Le mouvement ouvrier et la politique (1ère partie)
INDEPENDANCE SYNDICALE
La méfiance vis-à-vis de l’Etat peut s’expliquer aisément par la répression que celui-ci a très longtemps utilisée comme réponse aux revendications sociales.
Celle exprimée par rapport aux partis est beaucoup plus paradoxale car liée avant tout à une certaine concurrence entre les deux organisations pour conduire l’émancipation totale de la classe ouvrière.
Le fait de vouloir débarrasser l’action syndicale de tout rapport partisan ne signifie pas pour autant que les syndicats se soient totalement désintéressés de la question politique.
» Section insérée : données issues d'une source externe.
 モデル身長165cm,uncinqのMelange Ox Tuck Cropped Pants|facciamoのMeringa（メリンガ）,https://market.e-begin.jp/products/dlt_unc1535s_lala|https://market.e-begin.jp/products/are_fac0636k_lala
Bien au contraire, à partir de sa reconnaissance légale en 1884, le syndicalisme français s’est emparé des théories socialistes naissantes pour construire son propre projet de société tout en menant ses combats pour faire avancer concrètement les revendications ouvrières. Pour expliquer ce phénomène si particulier à la France, il est nécessaire de retracer l’histoire du mouvement ouvrier au 19ème siècle au cours duquel ses luttes pour instaurer une république sociale et sa profonde attirance pour les thèses socialistes vont être déterminants.
POLITIQUE ET MOUVEMENT OUVRIER
Il faut en fait remonter à la Révolution française pour identifier les premiers liens entre la politique et un mouvement ouvrier encore très minoritaire dans une France rurale.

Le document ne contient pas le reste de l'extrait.